■ Supplied data:
• • •

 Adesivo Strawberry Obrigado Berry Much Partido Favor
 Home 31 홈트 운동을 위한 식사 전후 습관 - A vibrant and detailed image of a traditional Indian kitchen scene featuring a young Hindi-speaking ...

• • •

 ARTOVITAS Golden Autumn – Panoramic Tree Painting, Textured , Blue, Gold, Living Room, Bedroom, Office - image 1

• • •

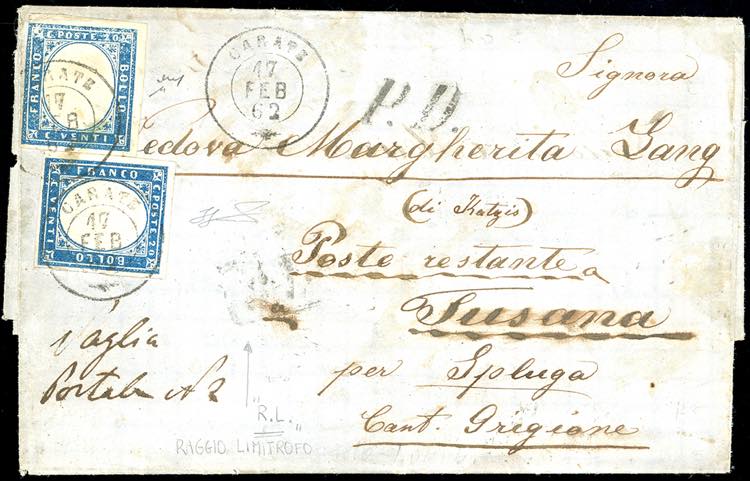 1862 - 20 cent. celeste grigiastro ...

• • •

■ Work order: Print only what lies in the material above starting at the line with "Adesivo Strawberry Obrigado" and ending at the line with "Home 31 홈트 운동을", every line exactly as given.

■ Exercise output:
 Adesivo Strawberry Obrigado Berry Much Partido Favor
 Home 31 홈트 운동을 위한 식사 전후 습관 - A vibrant and detailed image of a traditional Indian kitchen scene featuring a young Hindi-speaking ...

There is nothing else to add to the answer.